* _Activity_: Without the pictures, write the listing out again exactly as it appears.

* _Data shown_:
------------
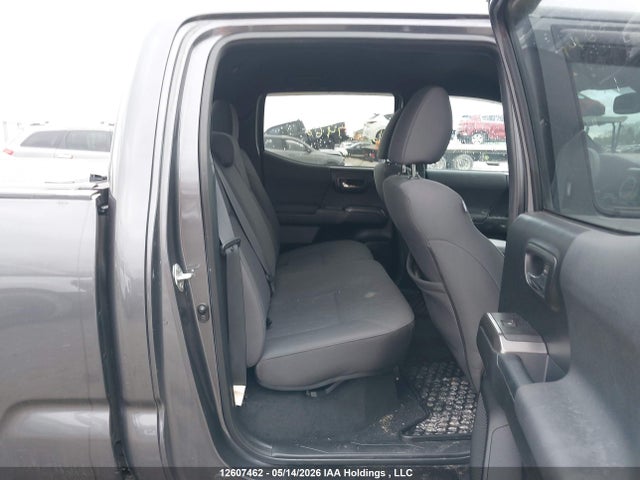 12607462 :رقم المزاد ، 5TFDZ5BN9JX029731 vin ، 2018 Toyota Tacoma Dbl Cab/sr5/trd Sport/or مزاد بيع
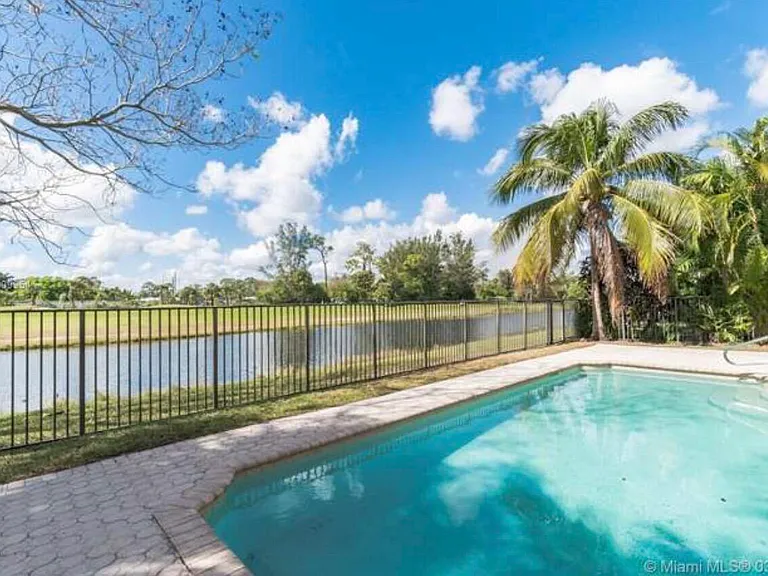 1831 Waldorf Dr — Photo 4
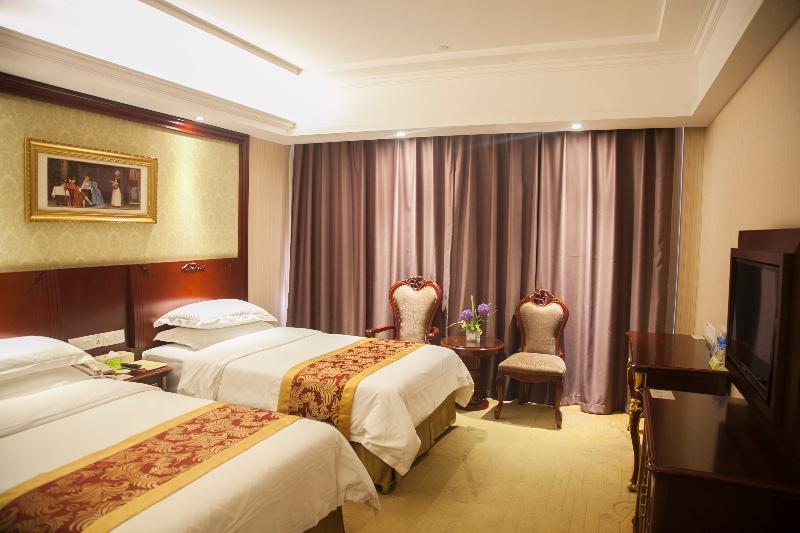 Vienna Hotel Shiqiao Metro Station Guangzhou Buitenkant foto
------------
* _Answer area_:
 12607462 :رقم المزاد ، 5TFDZ5BN9JX029731 vin ، 2018 Toyota Tacoma Dbl Cab/sr5/trd Sport/or مزاد بيع
 1831 Waldorf Dr — Photo 4
 Vienna Hotel Shiqiao Metro Station Guangzhou Buitenkant foto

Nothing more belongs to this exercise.